Il coinvolgimento di società private nasconde oggettivamente il rischio che le prove selettive possano essere orientate in un modo predefinito: non lo si può negare. Un privato può esercitare legittimamente un potere di orientamento dell’attività della società selezionatrice. La PA, in applicazione dell’articolo 97 della Costituzione non può e non deve. Tuttavia, la tentazione per l’organo di governo, che è partitico e di parte, di cercare mediante sistemi di reclutamento che si aprono alla possibilità di orientarne il risultato, è forte e non mancherebbe di manifestarsi (basti pensare a quel che accade per le nomine dei manager nelle società pubbliche o dei direttori generali nelle usl: la competenza, certo, è richiesta, ma prima ancora l’appartenenza politica è il requisito fondamentale).
Il legislatore appare sempre all’inseguimento di metodi privatistici di reclutamento, che però sono di difficilissima conciliazione con l’articolo 97 della Costituzione e le obbligatorie cautele anticorruttive. In questo inseguimento, il legislatore dimentica che un sistema per valutare le competenze e, anzi, garantire che esse siano acquisite e raffinate col lavoro (non basta un’esperienza nel settore privato per una facile immissione nel pubblico), esiste: è il contratto di apprendistato.
Nella pubblica amministrazione è possibile il contratto di apprendistato professionalizzante o di alta formazione e ricerca, ma è al palo perché dal 2011 (dall’epoca del d.lgs 167/2011, poi abolito e sostituito dal d.lgs 81/2015, articoli da 41 a 46) che si aspetta un decreto per regolamentare tale contratto nel pubblico impiego. Un metodo meno avventuroso per assicurare assunzioni di qualità.
L’apprendistato, infatti, è un contratto a tempo indeterminato, però a libera recedibilità per le parti. La PA potrebbe disporre di un tempo molto lungo ed ampio di osservazione e contestuale formazione del reclutato; contestualmente, l’applicazione delle regole sull’eventuale iniziale sotto qualificazione potrebbe assicurare risparmi ed incentivare gli apprendisti ad una forte crescita professionale ed operativa sul campo, anche per, da un lato, guadagnarsi la “conferma” da parte del datore pubblico al termine del periodo di apprendistato, o per poter guardarsi intorno e scegliere eventualmente altre strade.
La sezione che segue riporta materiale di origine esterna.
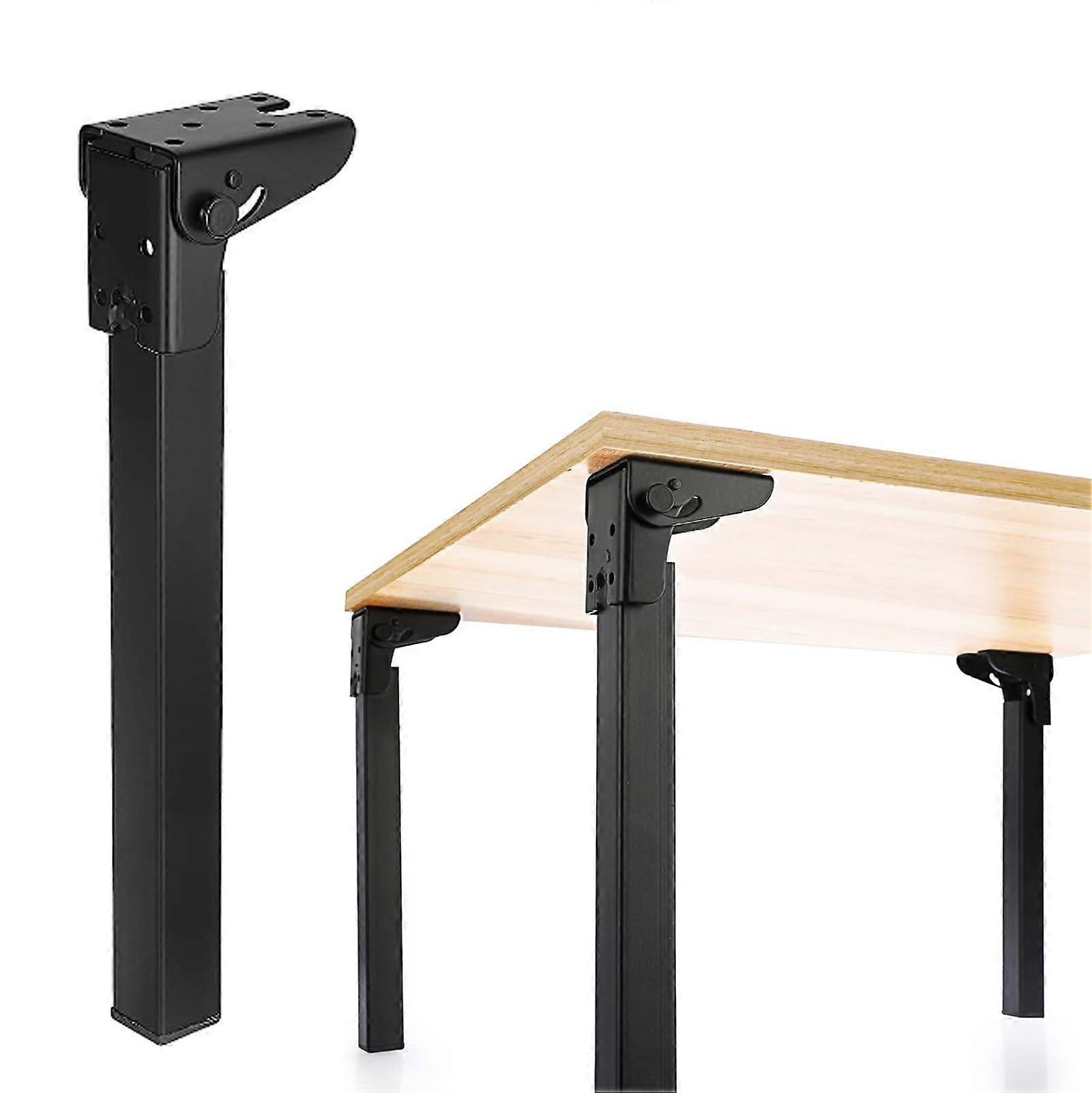 Folding Metal Table Legs Set of 4, 60cm Black Fork Style Portable Replacement for Laptop, Coffee & Side Tables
Mentre l’apprendistato nella PA rimane ancora inspiegabilmente al palo, comunque esistono già e da tempo modalità per selezionare “sul campo” nuovi assunti, con livelli di efficacia non dissimili da quelli in uso nel privato, tali però da eliminarne i rischi.
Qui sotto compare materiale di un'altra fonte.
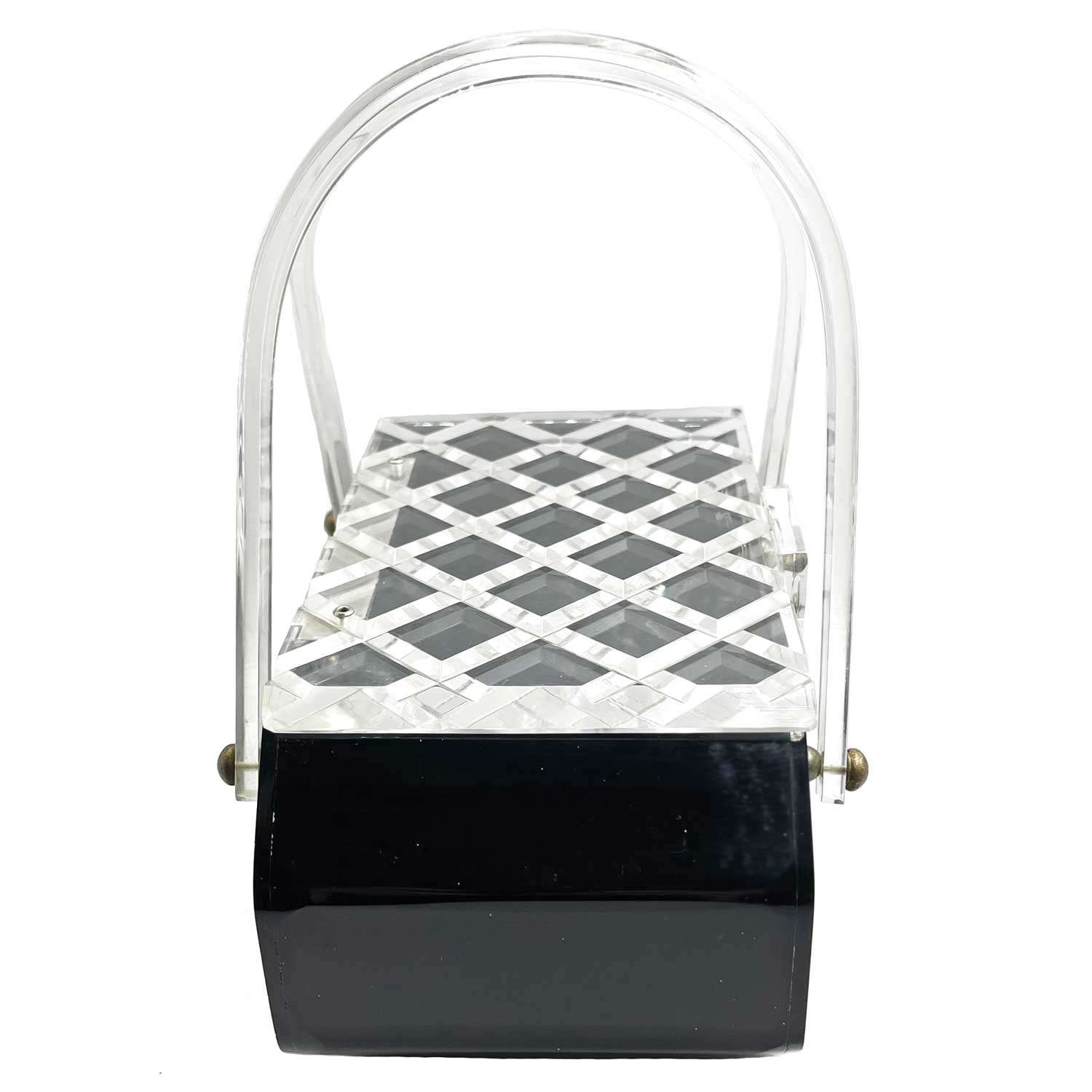 1950s black lucite box purse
Il più semplice è il contratto di formazione e lavoro: tanto utile, quanto reietto e dimenticato. L’altro è il corso-concorso, abbastanza collaudato ormai per l’accesso alla dirigenza e, con forme molto diverse ma rispondenti a quella filosofia, per il reclutamento e soprattutto la progressione di carriera dei segretari comunali.
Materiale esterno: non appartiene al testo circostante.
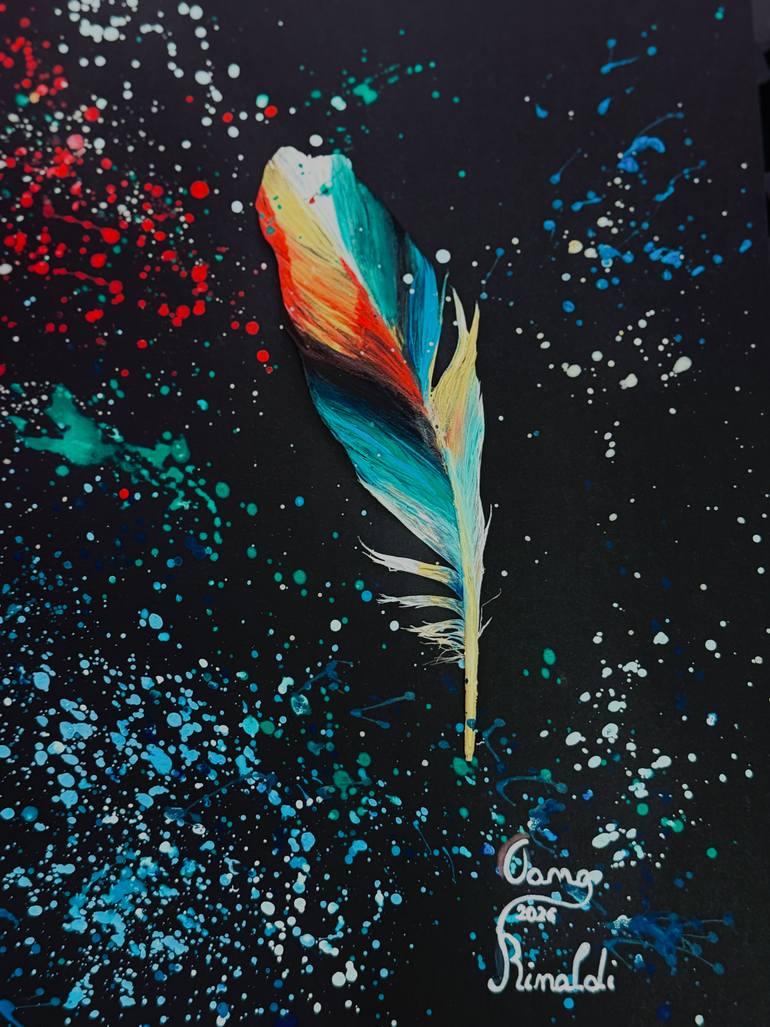 Original Abstract Painting by Oana Rinaldi | Abstract Art on Paper | The Weight of Being Light, 21 x 29 cm, acrylic on real feather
Invece di pensare a salti nel buio e riferirsi sempre all’irrealizzabile identificazine della PA con un’azienda, tara che ha condizionato negativamente un trentennio di riforme della PA stessa, tutte fallimentari, sarebbe il caso di prendere atto delle inevitabili peculiarità imposte dal rapporto di lavoro pubblico, che richiede impiegati all’esclusivo servizio della Nazione e non schiere di appartenenti politici. Molto meglio, quindi, valorizzare esperienze già utilmente svolte, come i corsi-concorso, o lanciare o rilanciare contratti dalla causa mista, lavorativa e formativa, come i contratti di formazione e lavoro e, soprattutto, l’apprendistato.